Analysts say plans to buy fighter jets too costly
Report doesn’t recommend cancellation of program, but says services need to look at more affordable options.
As the military's burgeoning operational and personnel costs threaten to squeeze weapons system accounts, independent defense analysts warned that the Pentagon might have to scale back its ambitious $242 billion Joint Strike Fighter program.
In a report released Wednesday, analysts at the Center for Strategic and Budgetary Assessments concluded that either the Air Force or the Navy might need to make dramatic reductions in the number of next-generation fighters they intend to buy.
But Steven Kosiak and Barry Watts, the report's authors, rejected outright cancellation of the Joint Strike Fighter, a U.S.-led international program to produce planes with better stealth and computer capabilities than F-16 and F-18 fighters now in the fleet. The military already has sunk $29 billion into the JSF program.
There are "good reasons to think [the military's JSF procurement plans] might not be affordable," said Kosiak, who discussed his report Wednesday.
Plans to increase the size of the Army and Marine Corps by 92,000 troops comes with a hefty price tag, as do efforts to repair and replace equipment lost or damaged in Iraq and Afghanistan. Those and other pressures on the overall defense budget, including sizable increases in the Navy's shipbuilding budget, could make the $8 billion budget requests expected annually for the Joint Strike Fighter over the next three decades seem unrealistic, Kosiak said.
The Pentagon requested $6.1 billion in fiscal 2008 to buy six planes each for the Air Force and Marine Corps. At the same time, China and other potential adversaries in the Pacific theater means the military must put a heavier reliance on long-range bombers than shorter-range tactical fighter aircraft, said Watts, who headed the Pentagon's program analysis and evaluation office in 2001 and 2002.
The Pentagon, which plans to field a new long-range bomber in 2018, needs to find a "more sensible balance between long-range and short-range" aircraft, Watts said.
Kosiak and Watts explored the option of cutting the Air Force's plans for the planes in half -- leaving the service with about 880 fighters. That would force the service to keep hundreds of its modernized F-16s flying longer than expected, but would save an estimated $300 million to $500 million annually, Kosiak said.

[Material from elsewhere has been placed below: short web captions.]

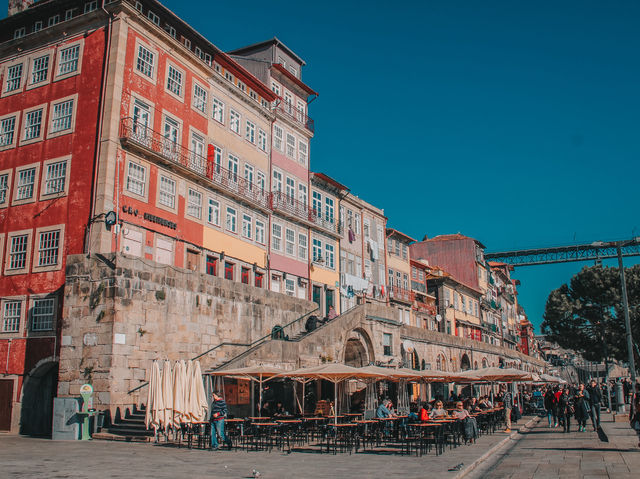 Porto’s Postcard Perfect Pair – Cais da Ribeira & Luís I Bridge
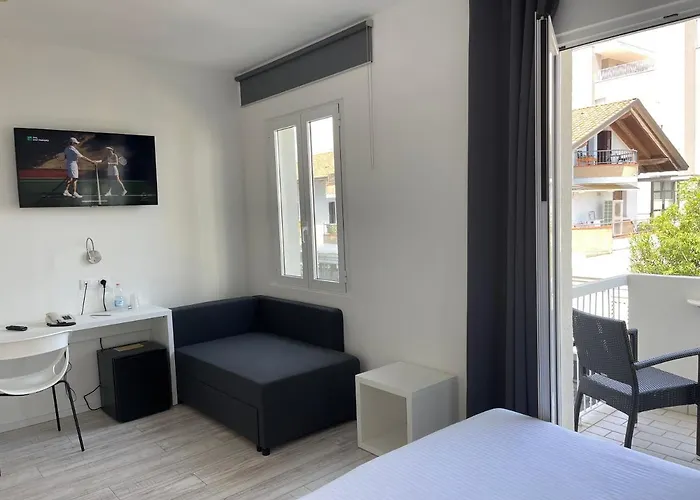 Athena 3* Линьяно-Саббьядоро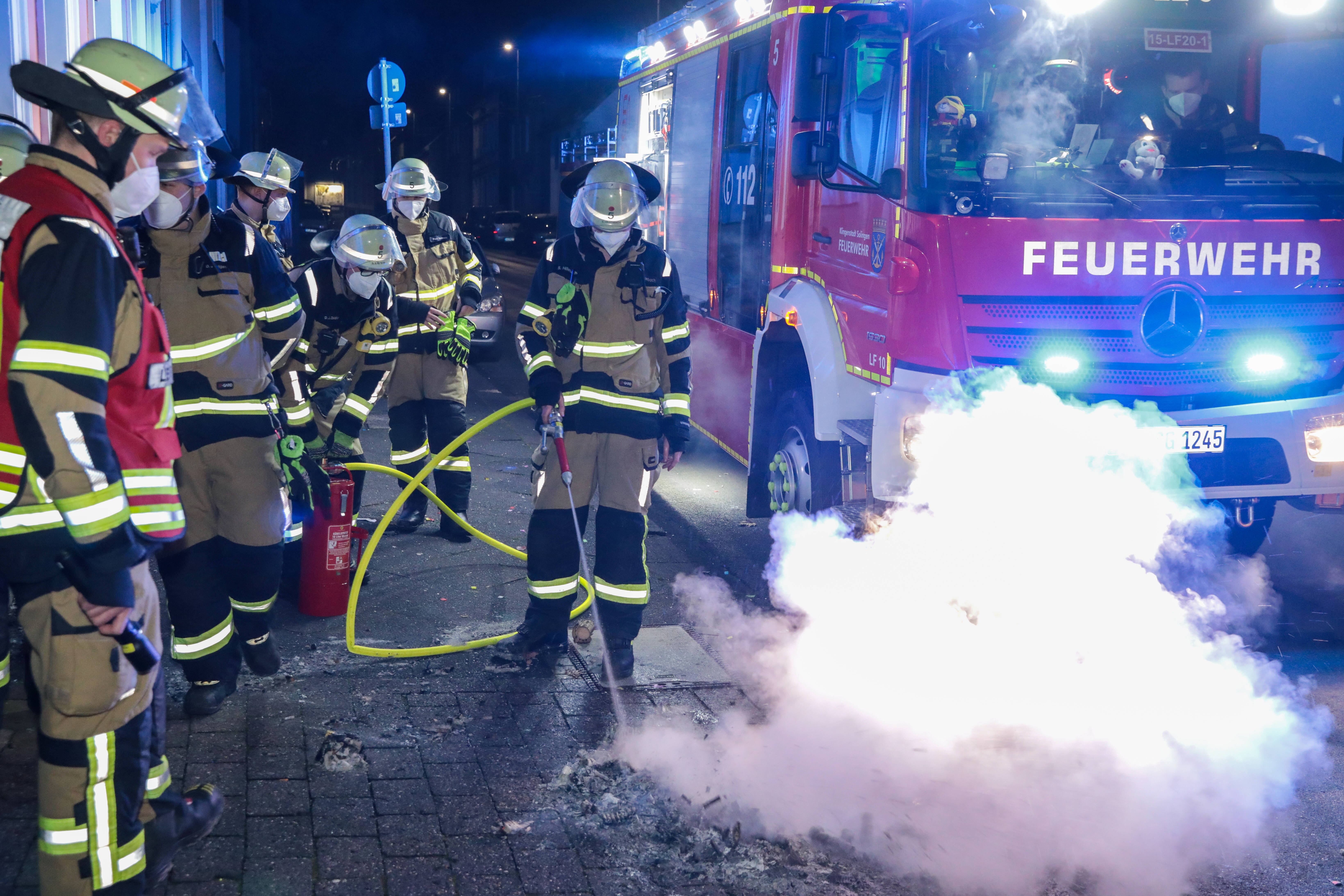 Schwerer Unfall! Mann verbrennt in seinem Wagen, Helfer können nichts mehr tun!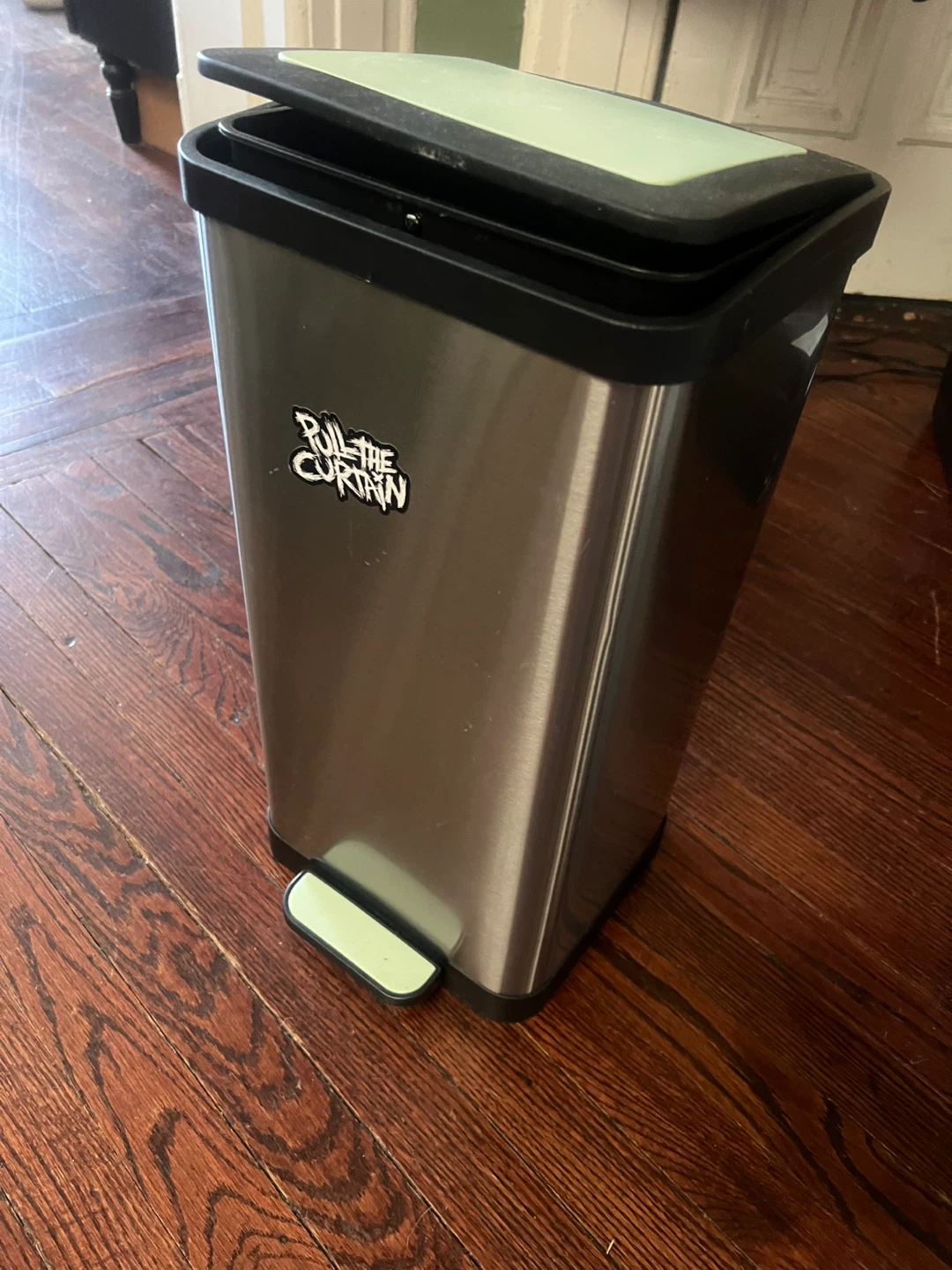 Small trash bin for dorm - photo 2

The Navy also could cancel its carrier-based variant of the fighters and replace them with long-range unmanned aerial vehicles. The Navy, which plans to buy more than 300 fighters, would save $450 million to $500 million a year by nixing their fighter plans. Combined, the two approaches would save between $800 million and $1.2 billion a year, Kosiak estimated.
The study concluded that canceling the Marine Corps' short takeoff and vertical landing variants would be an extremely unlikely move, in part because the British military, which also plans to buy the JSF, is "adamant" that it needs that version of the plane. Kosiak also noted that the Marine Corps' support on Capitol Hill is legendary for its strength -- further complicating any efforts to scale back one of the service's prized aviation programs.